Three-Diagnostic Diagnosis

The disease needs to be identified with the following diseases:

(1) Hemodynamic changes of congenital mitral stenosis are similar to those of Sanfangxin, so clinical symptoms and signs are difficult to identify. Echocardiographic examination shows left atrial enlargement, no diaphragm or intracardiac shunt, only mitral valve In the stenotic lesions, left atrial angiography showed enlargement of the left atrium, delayed emptying, and no presence of the diaphragm and the third atrium.

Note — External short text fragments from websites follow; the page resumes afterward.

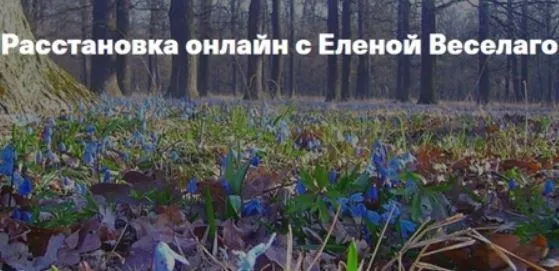 Скачать курс «Расстановка онлайн. 25 ноября (Елена Веселаго)» — слив курса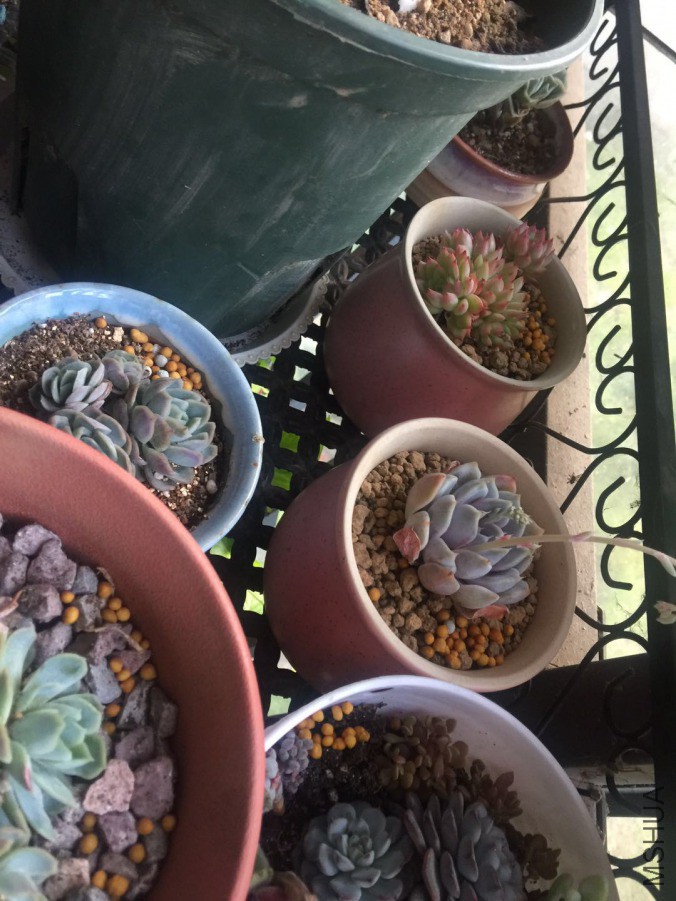 ΢��ͼƬ_20190326091234.jpg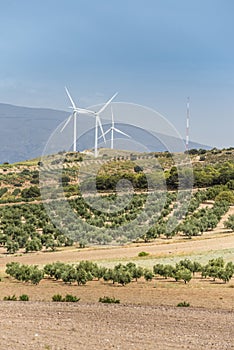 Wind turbines and olive trees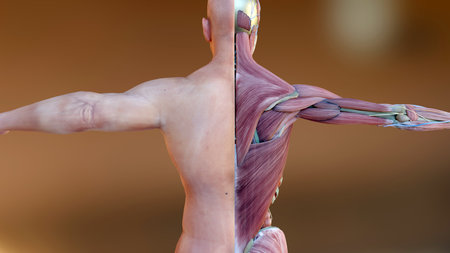 3d illustration of Human anatomy, muscles, organs, bones. Creative color palettes and designer details, unstructured showing parts, 3d renderの写真素材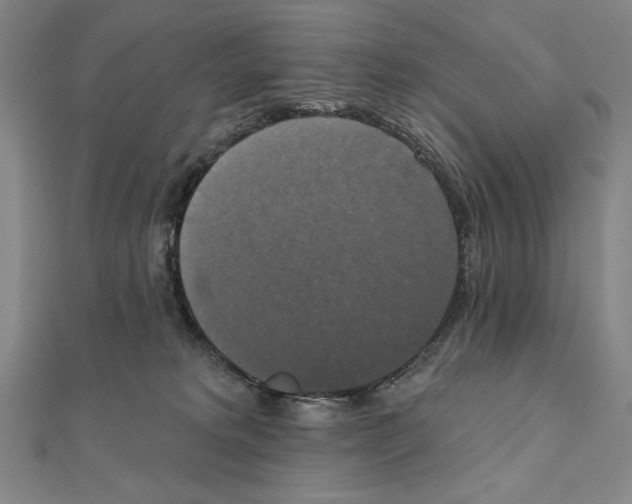 X0000111480229200908111209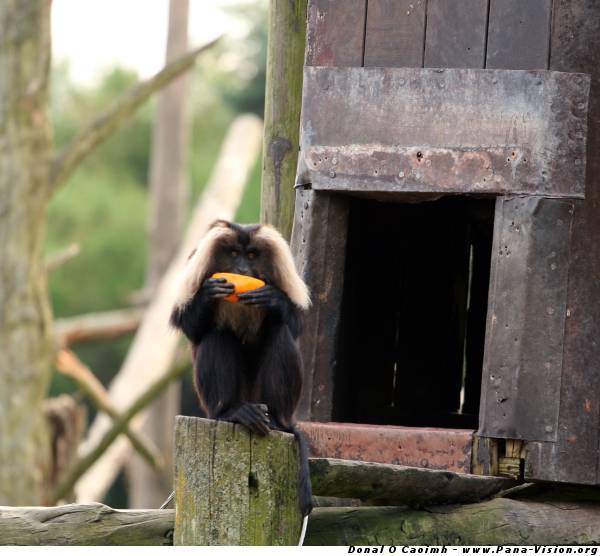 Who'll Take The Lion-Tailed Macaque to France?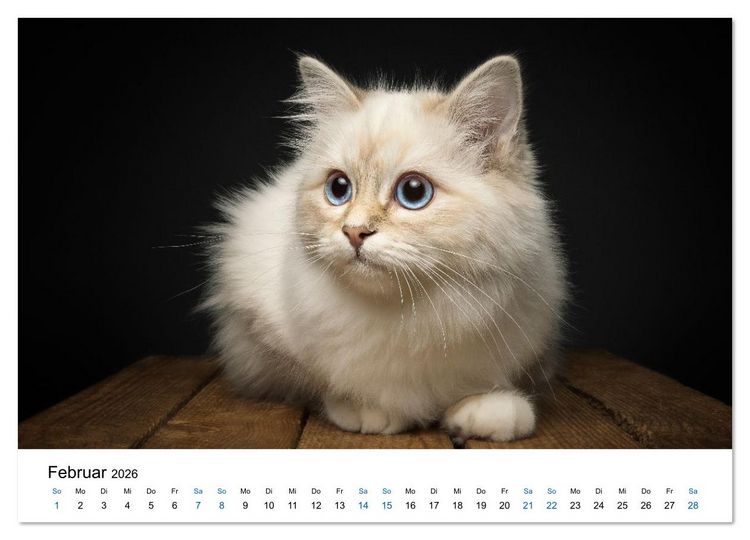 Produktbild: Heilige Birma Katzen - Eine Rasse mit traumhaft blauen Augen. (Wandkalender 2026 DIN A3 quer), CALVENDO Monatskalender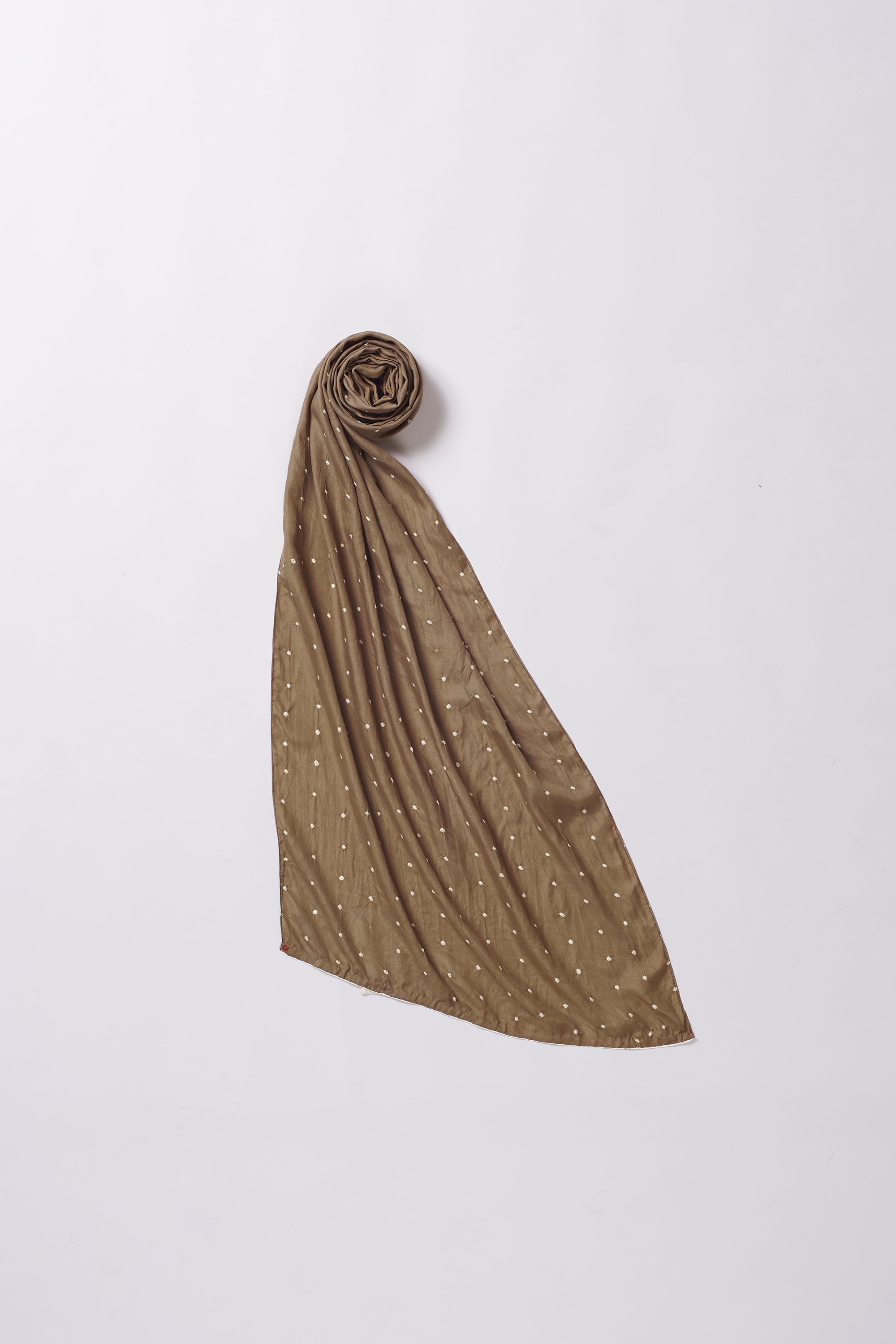 ORANGE RUST SILK WITH BANDHANI SCARF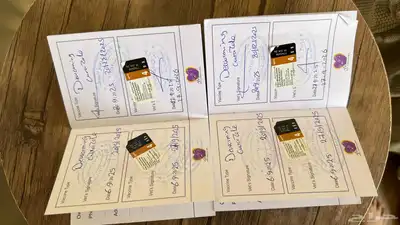 قطة للبيع شكوتش فولد وهملايا index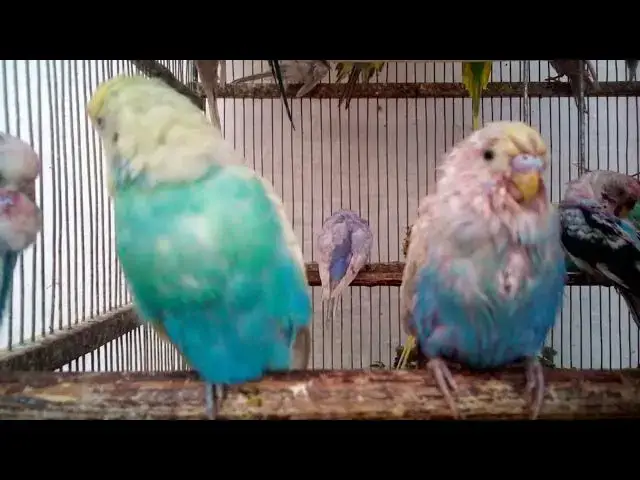 Video thumbnail for Adorable Budgie Sounds That Will Make You Smile! 🥰💚💛✨ #Funny #Parakeet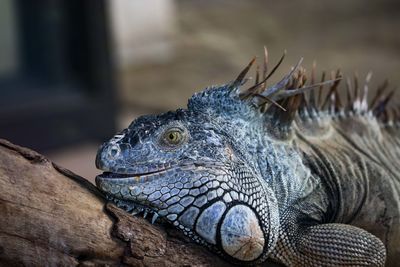 Close-up of a lizard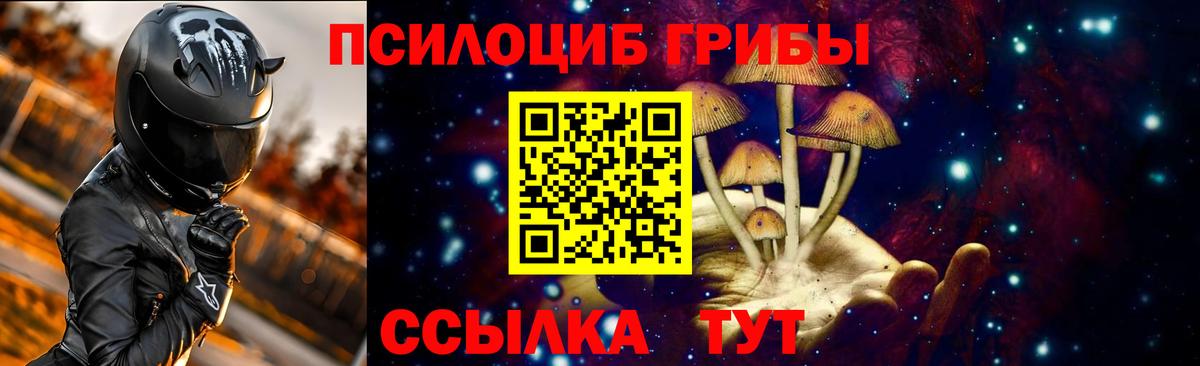 Галлюциногенные грибы Psilocybine cubensis Костомукша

(2) Complete pulmonary vein abnormality X-ray chest radiograph was "8" or "snowman". Pulmonary angiography showed abnormal connection of pulmonary veins. Echocardiography showed abnormal pulmonary venous return and atrial septal defect.

(3) Left atrial myxoma When the myxoma partially obstructs the mitral valve, the clinical symptoms are similar to those of the mitral stenosis or the three-chamber heart. Echocardiography shows that the abnormal mass in the left atrium moves with the contraction of the heart.